Adrenocorticotrophic Hormone (ACTH)
Adrenocorticotrophic hormone (ACTH) is a 39 amino acid peptide hormone secreted by the anterior pituitary, under the control of the hypothalamic peptide, corticotrophin-releasing hormone (CRH). ACTH secretion is pulsatile and exhibits diurnal variation, with highest plasma concentrations around 8am and lowest levels at midnight. It stimulates glucocorticoid (cortisol) production in the adrenal cortex.
ACTH measurement is only useful as a second line investigation following the finding of either cortisol deficiency or excess.
In cortisol deficiency due to primary adrenal failure, ACTH will be raised due to lack of negative feedback. ACTH will be low in adrenal insufficiency secondary to pituitary failure (hypopituitarism).
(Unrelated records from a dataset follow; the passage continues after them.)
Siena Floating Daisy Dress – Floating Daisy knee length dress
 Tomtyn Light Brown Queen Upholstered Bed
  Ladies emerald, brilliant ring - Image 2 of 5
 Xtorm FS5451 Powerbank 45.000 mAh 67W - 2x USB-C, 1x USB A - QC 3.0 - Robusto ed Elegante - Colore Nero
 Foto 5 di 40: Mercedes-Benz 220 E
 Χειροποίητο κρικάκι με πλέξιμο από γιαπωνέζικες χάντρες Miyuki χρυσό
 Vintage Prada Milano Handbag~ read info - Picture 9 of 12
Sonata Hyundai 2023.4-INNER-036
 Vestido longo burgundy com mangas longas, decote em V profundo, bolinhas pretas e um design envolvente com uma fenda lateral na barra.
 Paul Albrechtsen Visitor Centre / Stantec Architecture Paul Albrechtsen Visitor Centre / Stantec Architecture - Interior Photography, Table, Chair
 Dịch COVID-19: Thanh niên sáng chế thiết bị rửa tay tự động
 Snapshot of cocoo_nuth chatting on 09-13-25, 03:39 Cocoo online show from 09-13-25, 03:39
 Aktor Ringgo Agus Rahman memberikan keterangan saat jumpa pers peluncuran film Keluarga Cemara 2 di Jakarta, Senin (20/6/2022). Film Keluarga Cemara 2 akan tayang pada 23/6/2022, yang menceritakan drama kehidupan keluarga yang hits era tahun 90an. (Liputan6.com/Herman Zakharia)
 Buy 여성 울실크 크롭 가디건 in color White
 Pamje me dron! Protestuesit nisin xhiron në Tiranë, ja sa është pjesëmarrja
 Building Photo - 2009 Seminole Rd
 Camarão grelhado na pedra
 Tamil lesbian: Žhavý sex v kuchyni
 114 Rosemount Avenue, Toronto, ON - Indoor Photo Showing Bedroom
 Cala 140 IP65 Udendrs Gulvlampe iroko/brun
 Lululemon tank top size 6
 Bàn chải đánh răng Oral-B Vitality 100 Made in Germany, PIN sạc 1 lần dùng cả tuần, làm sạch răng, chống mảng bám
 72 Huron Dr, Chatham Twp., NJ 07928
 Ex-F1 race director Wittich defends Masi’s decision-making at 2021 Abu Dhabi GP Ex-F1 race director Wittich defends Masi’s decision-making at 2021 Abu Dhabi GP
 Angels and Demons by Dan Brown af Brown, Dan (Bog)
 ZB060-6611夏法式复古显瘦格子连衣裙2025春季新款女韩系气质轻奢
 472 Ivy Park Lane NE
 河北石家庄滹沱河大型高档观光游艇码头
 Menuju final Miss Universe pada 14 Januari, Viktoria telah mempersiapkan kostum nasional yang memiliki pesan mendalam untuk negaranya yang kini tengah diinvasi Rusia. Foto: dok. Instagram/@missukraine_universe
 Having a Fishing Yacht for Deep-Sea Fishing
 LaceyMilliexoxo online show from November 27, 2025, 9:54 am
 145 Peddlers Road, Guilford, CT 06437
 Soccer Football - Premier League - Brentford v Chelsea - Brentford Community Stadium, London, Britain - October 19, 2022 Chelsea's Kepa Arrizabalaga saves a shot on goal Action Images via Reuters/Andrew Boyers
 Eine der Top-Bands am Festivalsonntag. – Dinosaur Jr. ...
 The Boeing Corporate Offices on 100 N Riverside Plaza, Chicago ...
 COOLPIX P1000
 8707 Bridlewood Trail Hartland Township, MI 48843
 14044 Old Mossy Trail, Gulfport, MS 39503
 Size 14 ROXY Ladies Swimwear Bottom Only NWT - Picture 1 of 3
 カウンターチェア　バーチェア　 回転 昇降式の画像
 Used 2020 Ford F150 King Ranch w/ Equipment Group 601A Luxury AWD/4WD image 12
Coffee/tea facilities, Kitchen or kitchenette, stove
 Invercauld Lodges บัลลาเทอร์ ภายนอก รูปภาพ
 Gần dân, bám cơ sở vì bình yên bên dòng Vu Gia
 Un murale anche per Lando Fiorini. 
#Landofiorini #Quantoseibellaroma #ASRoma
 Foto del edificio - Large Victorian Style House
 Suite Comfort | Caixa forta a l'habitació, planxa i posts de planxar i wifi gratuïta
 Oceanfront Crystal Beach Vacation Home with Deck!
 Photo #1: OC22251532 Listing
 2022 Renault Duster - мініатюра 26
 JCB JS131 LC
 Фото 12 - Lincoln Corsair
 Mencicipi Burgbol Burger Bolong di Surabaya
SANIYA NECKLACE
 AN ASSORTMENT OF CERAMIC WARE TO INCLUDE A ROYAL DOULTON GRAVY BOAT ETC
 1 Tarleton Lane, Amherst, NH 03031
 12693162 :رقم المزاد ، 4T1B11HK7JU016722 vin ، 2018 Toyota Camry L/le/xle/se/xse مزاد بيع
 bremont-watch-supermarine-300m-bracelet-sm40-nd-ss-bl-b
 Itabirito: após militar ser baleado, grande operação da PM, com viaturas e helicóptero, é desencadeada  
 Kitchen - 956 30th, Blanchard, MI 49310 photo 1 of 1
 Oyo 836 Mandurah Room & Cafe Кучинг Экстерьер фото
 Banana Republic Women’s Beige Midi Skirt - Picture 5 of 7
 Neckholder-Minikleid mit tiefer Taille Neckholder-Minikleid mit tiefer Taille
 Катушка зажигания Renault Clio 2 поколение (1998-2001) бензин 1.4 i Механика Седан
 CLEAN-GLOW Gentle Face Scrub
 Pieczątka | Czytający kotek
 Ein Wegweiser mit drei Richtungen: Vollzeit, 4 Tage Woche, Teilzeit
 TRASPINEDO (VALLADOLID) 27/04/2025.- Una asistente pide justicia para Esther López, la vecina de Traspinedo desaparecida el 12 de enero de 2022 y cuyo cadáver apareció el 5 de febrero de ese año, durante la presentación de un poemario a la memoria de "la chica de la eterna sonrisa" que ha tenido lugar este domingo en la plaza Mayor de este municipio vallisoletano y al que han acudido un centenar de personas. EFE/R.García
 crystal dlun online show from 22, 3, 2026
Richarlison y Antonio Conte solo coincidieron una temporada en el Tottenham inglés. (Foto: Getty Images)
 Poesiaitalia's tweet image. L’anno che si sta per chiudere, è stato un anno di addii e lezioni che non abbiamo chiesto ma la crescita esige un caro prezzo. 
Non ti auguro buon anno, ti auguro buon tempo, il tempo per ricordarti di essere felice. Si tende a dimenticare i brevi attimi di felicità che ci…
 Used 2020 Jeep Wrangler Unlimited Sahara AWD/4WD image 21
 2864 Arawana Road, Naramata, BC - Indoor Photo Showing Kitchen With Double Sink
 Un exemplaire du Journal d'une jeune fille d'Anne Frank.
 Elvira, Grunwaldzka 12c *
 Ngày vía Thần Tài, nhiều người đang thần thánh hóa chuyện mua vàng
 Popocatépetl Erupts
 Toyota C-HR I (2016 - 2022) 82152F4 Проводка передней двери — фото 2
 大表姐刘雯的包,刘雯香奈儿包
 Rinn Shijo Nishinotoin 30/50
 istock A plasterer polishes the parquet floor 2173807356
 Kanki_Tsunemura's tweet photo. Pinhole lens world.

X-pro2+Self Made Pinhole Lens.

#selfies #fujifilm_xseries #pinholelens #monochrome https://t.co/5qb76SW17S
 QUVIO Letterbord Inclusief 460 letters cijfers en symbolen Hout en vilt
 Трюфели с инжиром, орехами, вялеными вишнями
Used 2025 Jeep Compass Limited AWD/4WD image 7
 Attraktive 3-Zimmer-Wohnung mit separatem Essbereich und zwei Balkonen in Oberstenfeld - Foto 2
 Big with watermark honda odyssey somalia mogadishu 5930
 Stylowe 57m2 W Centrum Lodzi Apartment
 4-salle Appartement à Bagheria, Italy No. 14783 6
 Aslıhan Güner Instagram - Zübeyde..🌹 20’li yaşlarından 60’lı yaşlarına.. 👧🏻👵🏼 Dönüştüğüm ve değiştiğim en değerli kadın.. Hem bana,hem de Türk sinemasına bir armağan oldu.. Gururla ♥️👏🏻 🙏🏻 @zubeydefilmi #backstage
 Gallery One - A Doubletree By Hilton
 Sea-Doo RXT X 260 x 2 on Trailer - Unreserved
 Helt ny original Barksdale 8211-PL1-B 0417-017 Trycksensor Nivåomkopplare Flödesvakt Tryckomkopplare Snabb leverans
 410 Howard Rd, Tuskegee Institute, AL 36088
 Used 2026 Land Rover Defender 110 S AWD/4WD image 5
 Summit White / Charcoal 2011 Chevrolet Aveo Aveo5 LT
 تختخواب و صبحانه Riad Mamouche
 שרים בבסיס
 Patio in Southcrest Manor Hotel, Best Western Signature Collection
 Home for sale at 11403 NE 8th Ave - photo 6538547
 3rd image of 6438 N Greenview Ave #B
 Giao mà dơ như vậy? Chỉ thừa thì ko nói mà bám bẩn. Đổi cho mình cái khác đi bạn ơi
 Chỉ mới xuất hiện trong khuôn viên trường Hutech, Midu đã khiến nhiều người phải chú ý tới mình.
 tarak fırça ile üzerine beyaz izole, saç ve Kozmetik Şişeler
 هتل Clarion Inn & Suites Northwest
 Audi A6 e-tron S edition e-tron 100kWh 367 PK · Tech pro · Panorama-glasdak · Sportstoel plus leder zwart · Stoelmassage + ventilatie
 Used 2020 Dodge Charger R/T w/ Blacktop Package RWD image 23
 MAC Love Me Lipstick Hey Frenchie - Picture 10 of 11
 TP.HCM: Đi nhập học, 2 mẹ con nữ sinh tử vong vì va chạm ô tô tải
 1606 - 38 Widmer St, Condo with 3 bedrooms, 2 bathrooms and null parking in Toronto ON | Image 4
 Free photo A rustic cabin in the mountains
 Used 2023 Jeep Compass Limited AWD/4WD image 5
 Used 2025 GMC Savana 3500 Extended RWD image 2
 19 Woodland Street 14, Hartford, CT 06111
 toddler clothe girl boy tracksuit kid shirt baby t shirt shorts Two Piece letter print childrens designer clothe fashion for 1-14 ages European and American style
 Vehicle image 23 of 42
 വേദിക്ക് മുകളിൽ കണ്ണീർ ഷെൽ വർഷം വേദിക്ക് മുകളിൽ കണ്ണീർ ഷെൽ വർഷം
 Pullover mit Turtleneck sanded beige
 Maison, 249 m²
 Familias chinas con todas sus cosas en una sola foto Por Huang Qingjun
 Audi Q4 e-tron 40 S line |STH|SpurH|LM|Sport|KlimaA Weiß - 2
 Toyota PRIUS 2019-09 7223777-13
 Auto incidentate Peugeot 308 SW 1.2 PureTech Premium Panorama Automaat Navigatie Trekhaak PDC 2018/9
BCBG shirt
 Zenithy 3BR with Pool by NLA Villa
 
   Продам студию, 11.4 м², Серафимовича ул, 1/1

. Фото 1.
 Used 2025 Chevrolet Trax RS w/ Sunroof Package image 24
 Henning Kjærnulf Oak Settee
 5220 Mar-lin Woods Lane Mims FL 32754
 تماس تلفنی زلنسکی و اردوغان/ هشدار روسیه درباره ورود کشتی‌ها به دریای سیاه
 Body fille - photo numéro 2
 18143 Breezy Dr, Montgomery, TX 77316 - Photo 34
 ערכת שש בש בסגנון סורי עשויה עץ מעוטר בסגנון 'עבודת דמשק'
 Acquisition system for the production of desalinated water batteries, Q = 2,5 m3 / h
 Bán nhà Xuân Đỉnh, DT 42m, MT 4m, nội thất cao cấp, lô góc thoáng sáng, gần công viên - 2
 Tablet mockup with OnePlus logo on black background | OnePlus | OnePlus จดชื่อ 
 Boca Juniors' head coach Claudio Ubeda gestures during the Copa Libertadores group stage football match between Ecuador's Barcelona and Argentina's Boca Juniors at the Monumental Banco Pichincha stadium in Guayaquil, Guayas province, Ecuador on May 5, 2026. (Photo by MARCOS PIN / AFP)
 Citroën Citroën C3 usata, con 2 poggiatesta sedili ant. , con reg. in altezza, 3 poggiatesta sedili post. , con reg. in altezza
Excessive production of cortisol accompanied by suppressed ACTH may be seen in Cushing's syndrome due to adrenal tumours/hyperplasia, and with exogenous glucocorticoid administration.
Cortisol excess with raised ACTH may be seen in ACTH-producing tumours of the pituitary (Cushing's disease) or other tissues e.g. lungs (ectopic ACTH production).
NB. ACTH secretion may be increased by stress.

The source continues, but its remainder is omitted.